09-24-2013 10:24 AM - edited 09-24-2013 03:02 PM
A projection released by Agritrend, a consultancy from Buenos Aires, says that the Argentinean corn area will shrink 7% in the 2013-2014 season to 10.1 million acres. A previous forecast from last week of Argentina's Ministry of Agriculture revealed that the corn area would shrink 6.6 percent.
Agritrend's prediction for the soybean area is 48.4 million acres - 1% higher than in this season. This confirms a major environment in South America that is currently much more favorable to grow soybeans than corn.
09-24-2013 04:49 PM
if you have time i imagine it would be helpful for several folks if you could confirm Arg/Brazil reserve stocks requirement and where the 2 countries quantitatively stand @ this point in their mktg yr....how much is left for them to conduct business each for corn and soya.

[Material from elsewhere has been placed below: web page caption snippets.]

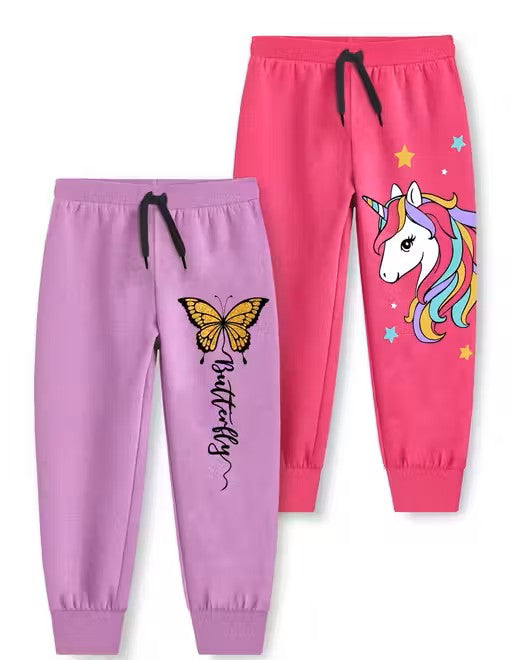 Trampoline Girls Pack of 2 Printed Track Pants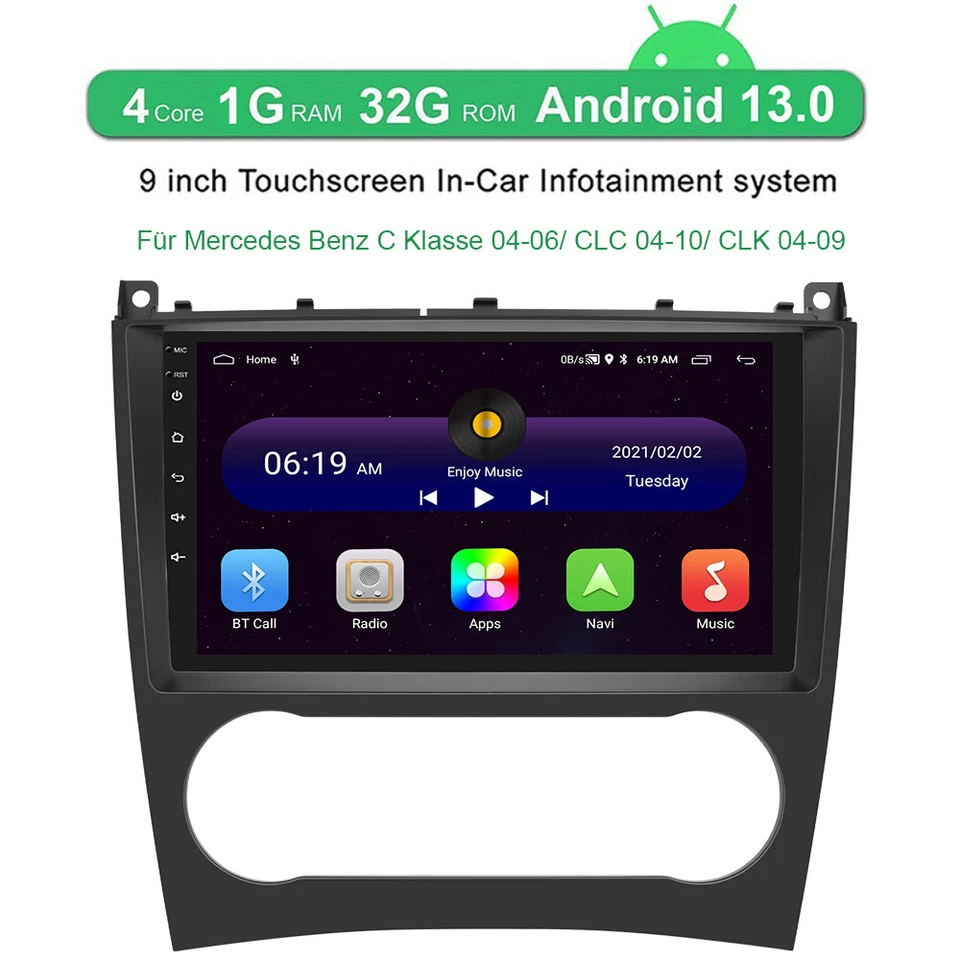 DAB+ Für Mercedes Benz C/CLC CL203 CLK C209 Android 13 NAVI GPS Autoradio RDS BT - Bild 3 von 4
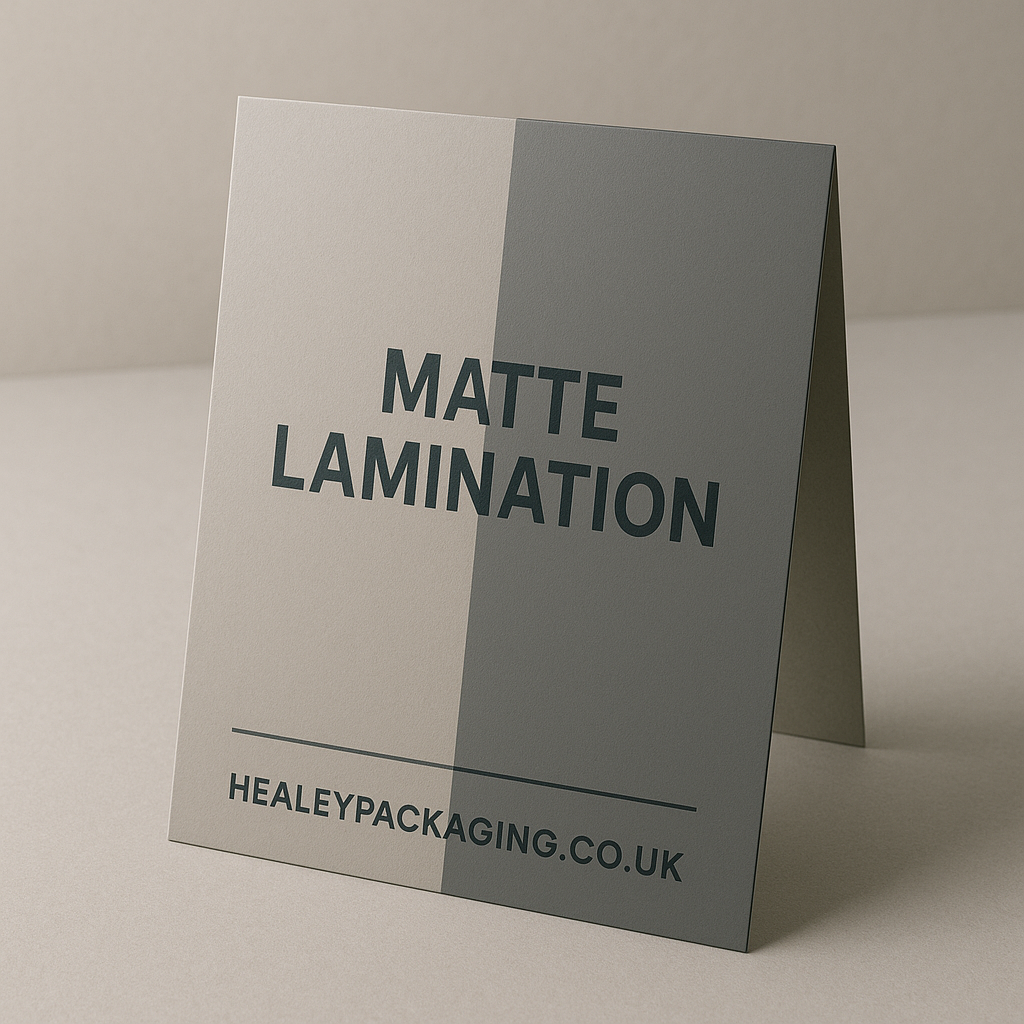 Matte laminated box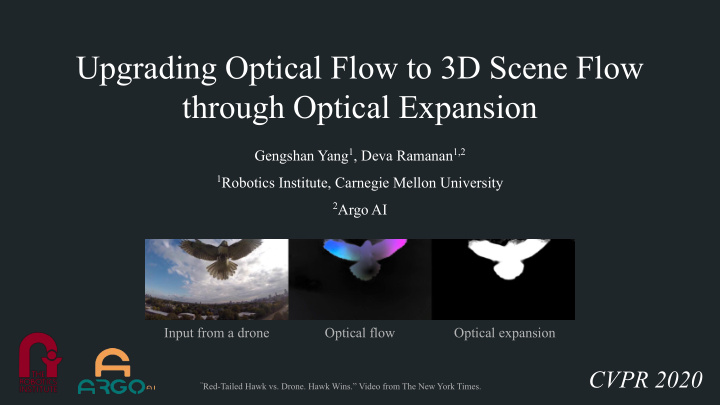 upgrading optical flow to 3d scene flow through optical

also, if you know what dates their mktg yr lies in......that would be great!!!!!!!!!!!!
09-25-2013 09:48 AM - edited 09-25-2013 09:52 AM
I'm still trying to nail down the marketing year calendar for Brazil and Argentina. Meanwhile, here are a few more thoughts on the supply/demand soybean picture for South America. This information comes via a market analyst contact of mine in Rosario, Argentina. When he uses the word export, he seems to be referring to the world export market.
In his own words:
"About Brazil, I only have good information about Mato Grosso. They have sold 96,8% of their 2012/13 soybean, I am not surprise with that figure taking into account how much soybean they have exported. I believe southern states are similar, so the world will look for US soybean now.
For 2013/14 IMEA estimates Mato Grosso production at 25,2 MMT, and 38,5% is sold. This time last year they had sold 61,4% of their 2012/13 production. This is not crazy taking into account Chicago prices last year (near 1750 cents).

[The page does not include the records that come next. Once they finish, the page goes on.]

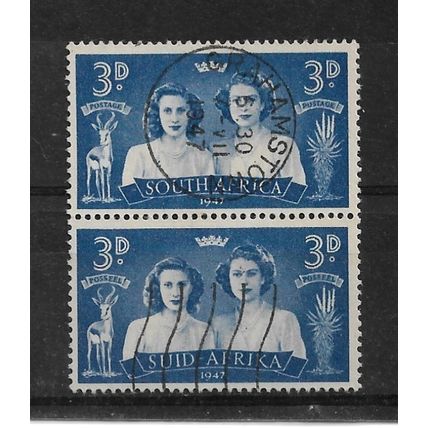 SouthAfrica.SG113 3d Queen Elizabeth II as Princess&Princess Margt Pair.FU.May22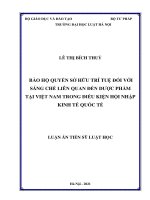 Bảo hộ quyền sở hữu trí tuệ đối với sáng chế liên quan đến dược phẩm tại Việt Nam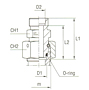 Reducing Tube Adapter with Swivel Nut S Series - Body Only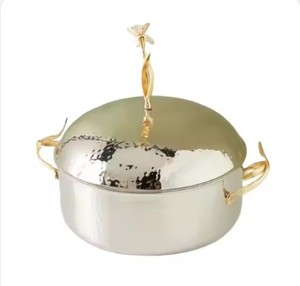 Set of 3 Luxury Hot Pots Gifting <b>Table</b> Top Decorative Restaurants Hotels Usage High on Demand Casserole Pots Hot Selling - Product Image 2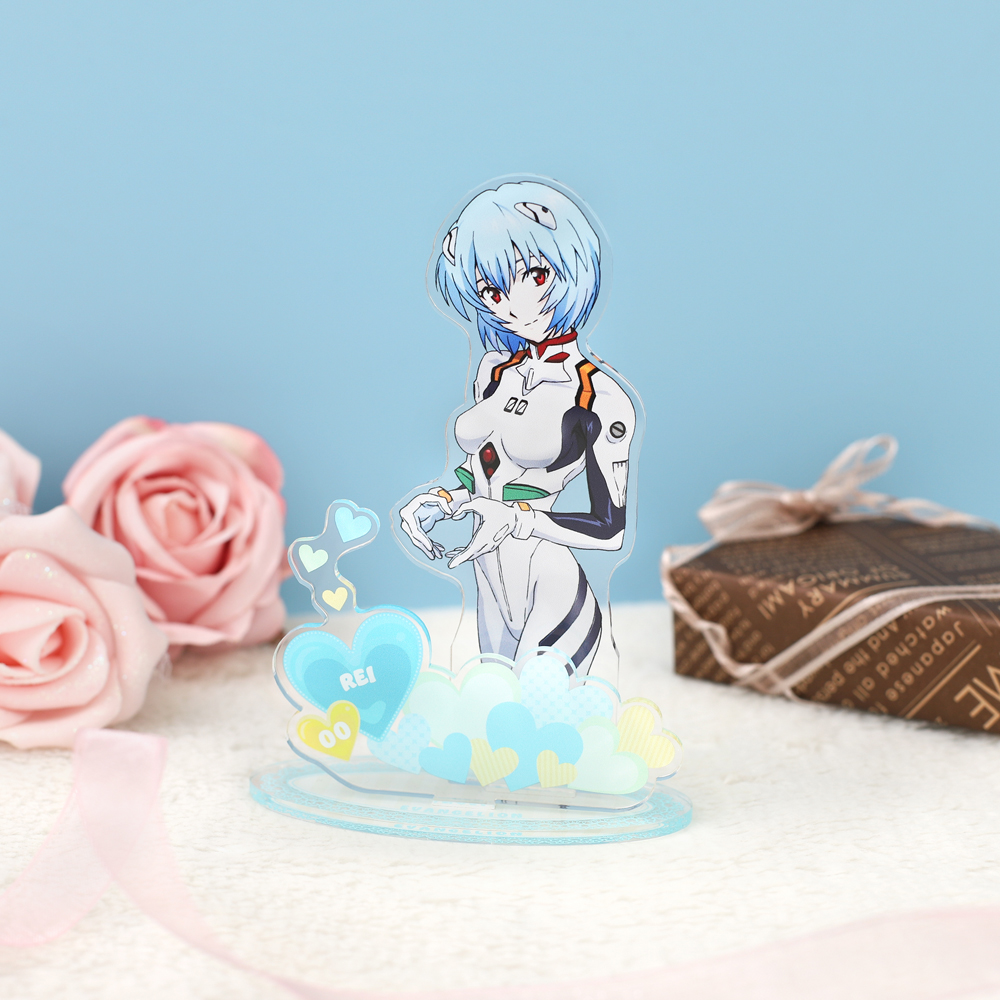 綾波レイ ハート缶バッジ 新世紀エヴァンゲリオン EVANGELIONクランチ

Argentina is quite different. Farmers have sold 33,2 MMT of their 2012/13 production, that is 68% of total production. If you look other years, you will see that selling is quite slow. However export bought 9 MMT and I don’t think they will need much more if we start having new soybean in the US.
Farmers don’t want to sell soybeans because this was a very good year for corn and they financed with that. If you see corn sales, you will find that export have bought everything they can and at this point (record) and I am worried if we can manage with what is left for domestic feed. In Argentina we need between 6 and 7 MMT for domestic feed, and the rest can be exported. The problem (as it is in the US) is that it is impossible to calculate or estimate feed consumption.

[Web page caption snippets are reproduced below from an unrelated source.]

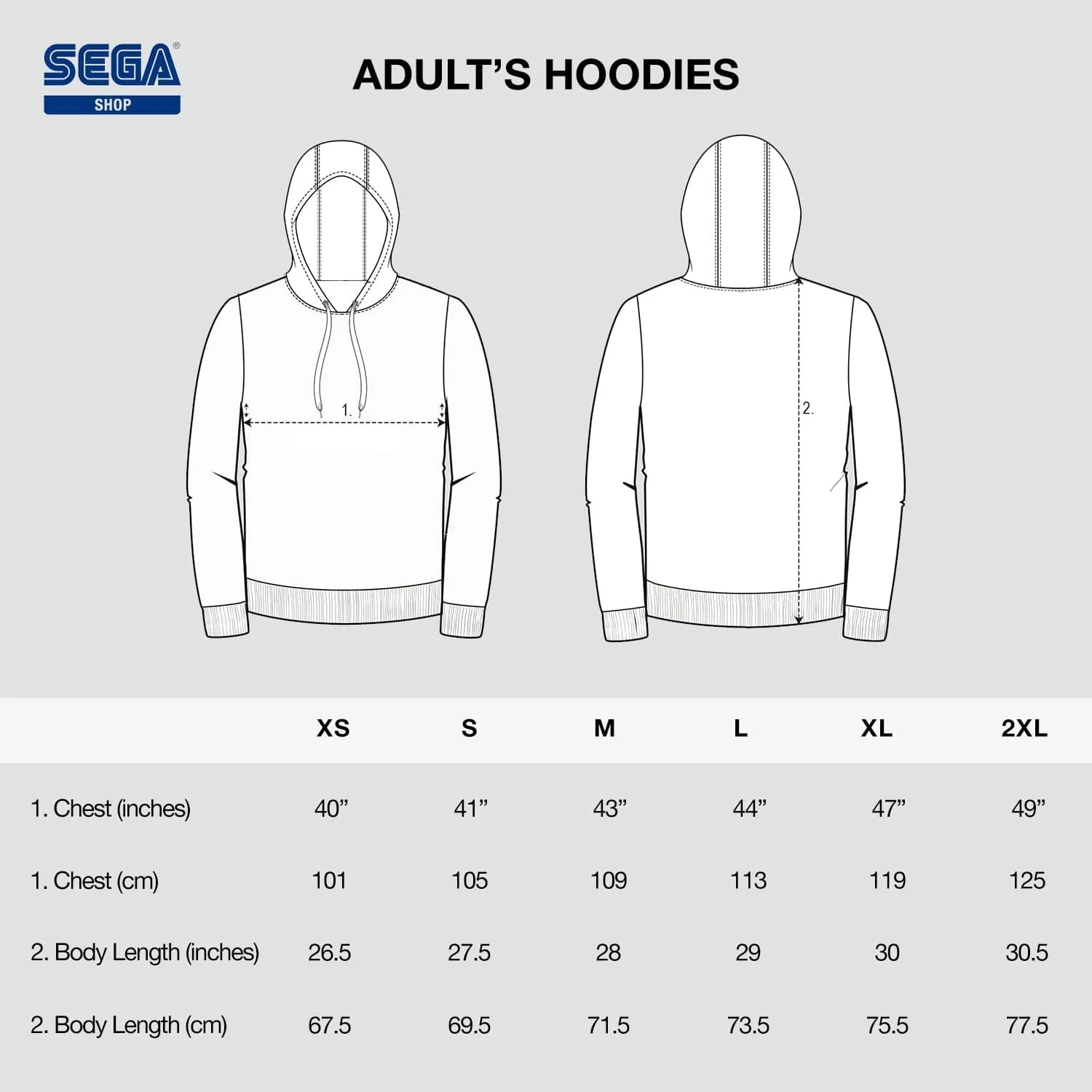 Official Sega Mega Drive 16-Bit Black Unisex Hoodie for Gaming Enthusiasts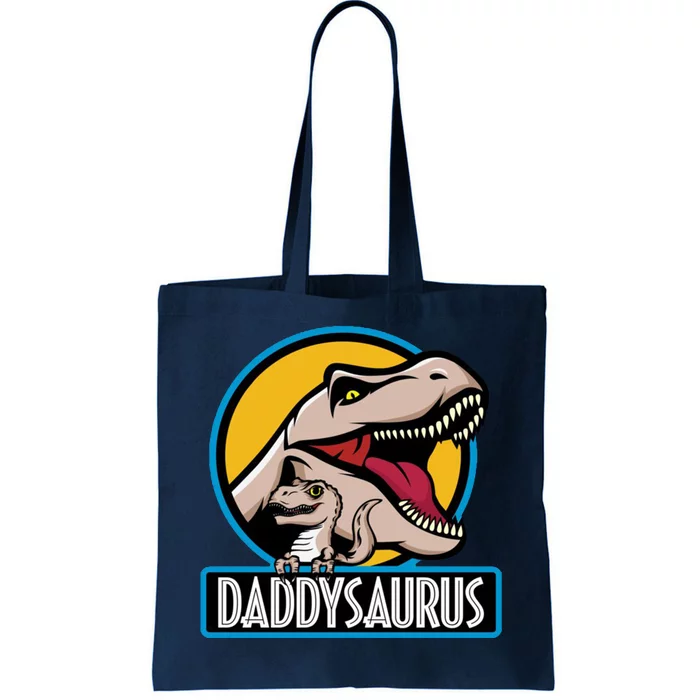 Daddysaurus Rex Fathers Day Tote Bag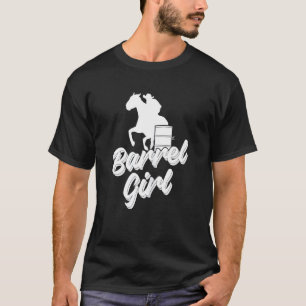 Camiseta Mulheres Cavalgando Barril Garota Corrida De Barri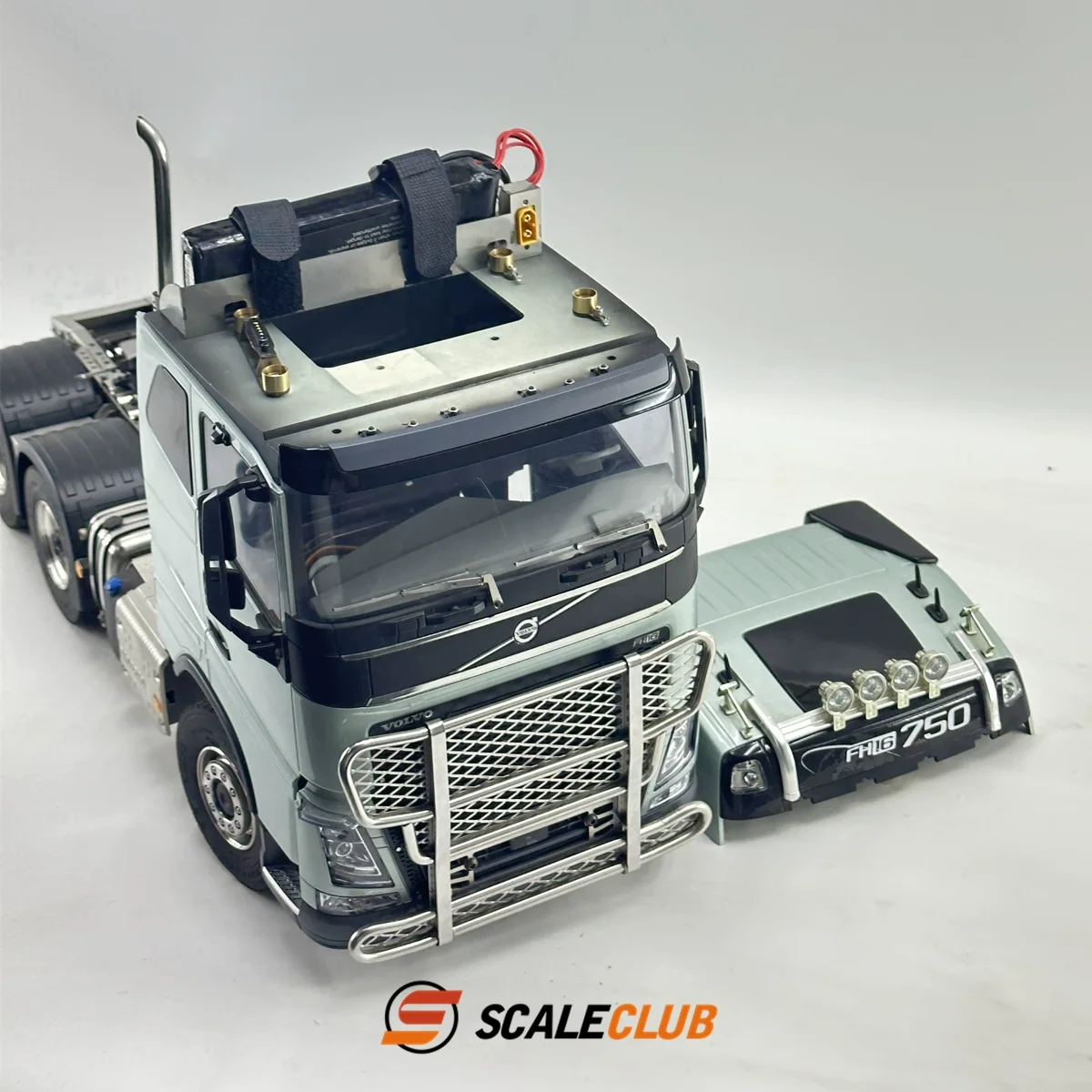 Scaleclub 1/14 Tamiya tractor truck magnetic high roof set Oka wiring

Even if we had any corn left, we won’t sell any because we are not competitive. Brazilian corn is cheaper and we are seeing cheap corn in the US now.
Moreover, soybean is kept in farms because we are having middle term elections and everybody is expecting some big devaluation after that (27th October). I don’t think that will happen, but farmers do. Take into account that soybean here is in dollars but you receive pesos at the official exchange rate the day you sell it. So, if you keep it and there is some devaluation, you will see some gain.
However inflation rate is another problem and that is affecting 2013/4 season . Costs are higher (planting, harvesting,labour, etc.) and soybean is cheaper!"